[Opening MATERIAL FOR THE TASK section]

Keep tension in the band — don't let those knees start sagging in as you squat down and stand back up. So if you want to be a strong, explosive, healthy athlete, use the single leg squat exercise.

[Closing MATERIAL FOR THE TASK section]
[Opening MATERIAL FOR THE TASK section]

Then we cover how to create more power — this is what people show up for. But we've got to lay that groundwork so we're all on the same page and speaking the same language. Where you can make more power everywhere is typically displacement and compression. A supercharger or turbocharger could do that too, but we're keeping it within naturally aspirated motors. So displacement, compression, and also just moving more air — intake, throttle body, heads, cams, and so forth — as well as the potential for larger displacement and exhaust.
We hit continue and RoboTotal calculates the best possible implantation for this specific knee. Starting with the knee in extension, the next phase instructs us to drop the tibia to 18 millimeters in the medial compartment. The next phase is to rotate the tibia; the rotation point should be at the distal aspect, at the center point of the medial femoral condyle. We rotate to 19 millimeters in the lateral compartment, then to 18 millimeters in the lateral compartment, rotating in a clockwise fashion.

[Closing MATERIAL FOR THE TASK section]

- DESCRIPTION OF THE TASK:
Among the records above, extract exactly the lines from the line with "Then we cover" to the line with "We hit continue", both lines included, and leave out the rest.

- WRITTEN ANSWER:
Then we cover how to create more power — this is what people show up for. But we've got to lay that groundwork so we're all on the same page and speaking the same language. Where you can make more power everywhere is typically displacement and compression. A supercharger or turbocharger could do that too, but we're keeping it within naturally aspirated motors. So displacement, compression, and also just moving more air — intake, throttle body, heads, cams, and so forth — as well as the potential for larger displacement and exhaust.
We hit continue and RoboTotal calculates the best possible implantation for this specific knee. Starting with the knee in extension, the next phase instructs us to drop the tibia to 18 millimeters in the medial compartment. The next phase is to rotate the tibia; the rotation point should be at the distal aspect, at the center point of the medial femoral condyle. We rotate to 19 millimeters in the lateral compartment, then to 18 millimeters in the lateral compartment, rotating in a clockwise fashion.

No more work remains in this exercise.